Une poétique pour l’éducation. De la psychopédagogie à l’art d’éduquer
Voici un ouvrage qui tombe à pic. En conservant une perspective psychanalytique, J.-P. Bigeault revient en toute liberté vers cet objet de pensée et de pratiques, la psychopédagogie, qui comme le sable coule entre les mains, ne cesse de nous échapper et de faire retour. Dans le contexte social actuel où la logique économique sert d’idéologie, portant l’utile au pinacle, l’auteur nous invite à un voyage au pays de l’éducation, promulguant un savoir-faire qui ne saurait se passer d’un certain savoir-être. Le décalage créé par le titre de l’ouvrage est bien une invitation, à rêver plutôt qu’à compter, à penser/vivre plutôt qu’à agir. Une mise en perspective plutôt qu’une recherche de la mise en acte, écrit l’auteur.
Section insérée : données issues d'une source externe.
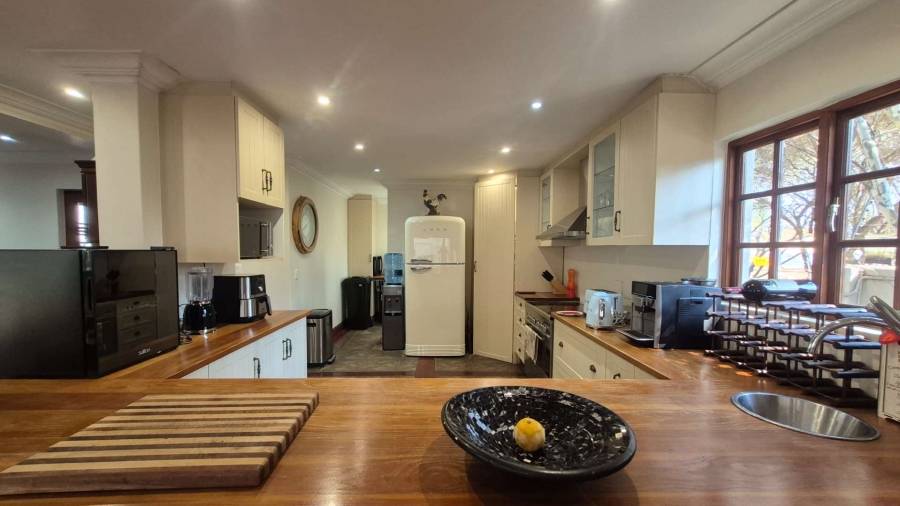 3 Bedroom Property for Sale in Douglasdale Gauteng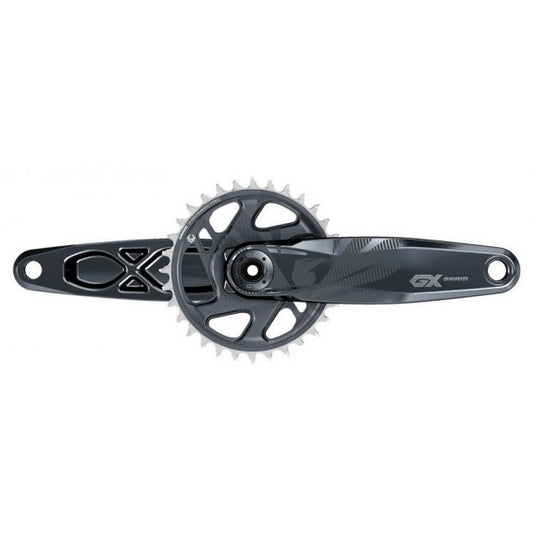 Bielas Sram Gx Eagle Dub Dm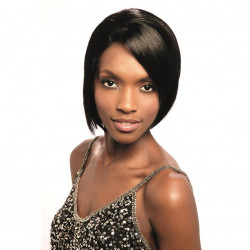 Cherish Lace Front Wig...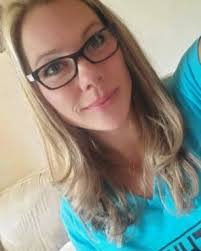 Outstanding Women of The Canadian Fire Sprinkler Industry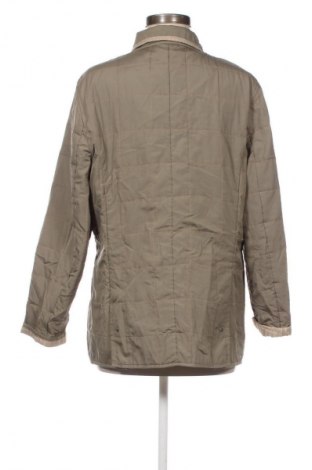 Γυναικείο μπουφάν Unbranded, Μέγεθος XL, Χρώμα Πράσινο, Τιμή 6,99 €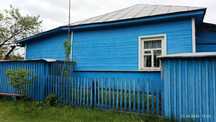 Продаж будинку Солотвино 130 кв.м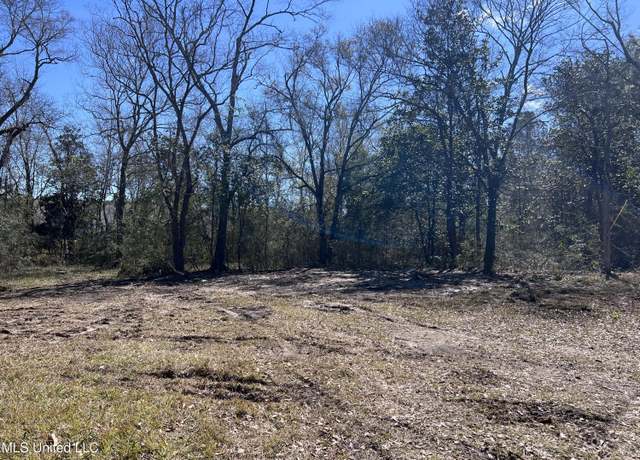 Property at 11398 Memphis Ave, Gulfport, MS 39503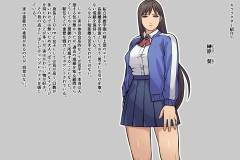 orig_00_1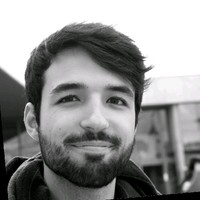 António Esteves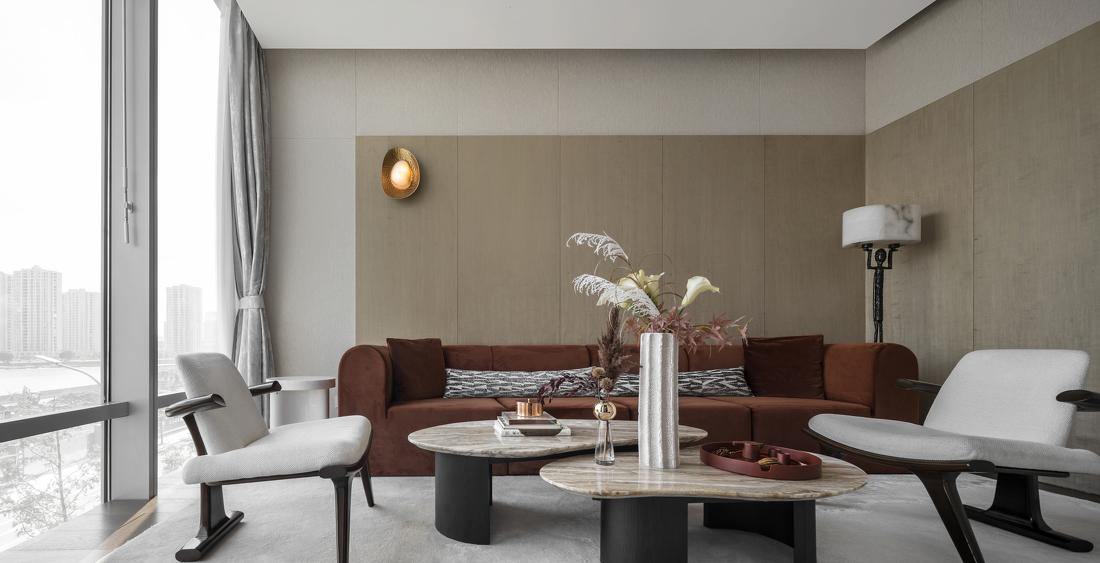 宁波绿城晓风印月生活馆-45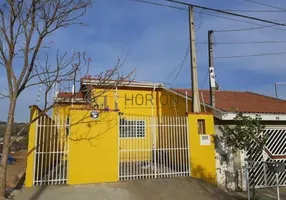 Foto 1 de Casa com 1 Quarto à venda, 70m² em Jardim do Marquês, Jacareí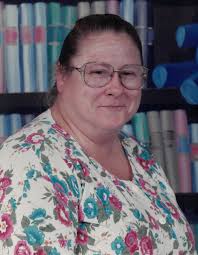 Judy Keeton Obituary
Dans cet ouvrage découpé en trois parties – historique, pratique, poétique –, il est question de co-créer un tissu institutionnel sur fond d’espace de rêverie partageable. Cet espace, aux effets non prédictibles, a pour visée de mieux accompagner les adolescents en souffrance qu’il accueille. R. Cahn l’évoque, dans la préface : face à ces adolescents, il est essentiel, voire vital, de rester inventif dans le dispositif psychopédagogique dont on croit tenir les rênes, de se laisser surprendre, et donc de ne rien figer dans des positions trop conventionnelles. On tient là, par l’abord historique des pédagogies nouvelles et de l’espoir (de l’utopie ?) partagé avec la psychanalyse, un contre-modèle de nombre d’institutions qui ont tenté ce geste envers ces adolescents : si l’institution est une création profondément humaine, elle ne peut qu’être traversée par les conflits et l’ambivalence de ceux qui la portent. Prendre en compte ces mouvements, ne pas les repousser mais plutôt les accueillir, implique une forme d’éloge discret du désordre, doublée d’une impossible modélisation. C’est peut-être là une des réponses possibles à l’idée proposée par J.-P. Bigeault : la psychopédagogie pourrait bien être une étoile morte. En l’absence de toute systématisation, la psychopédagogie est un mélange hybride de théories potentielles dont la diversité fait le sel ; elle est heureusement condamnée à se réinventer en fonction de chaque contexte et de chaque retrouvaille avec ces adolescents si dérangeants pour nos certitudes. Avec eux, impossible de s’endormir, ils nous tiennent éveillés même la nuit.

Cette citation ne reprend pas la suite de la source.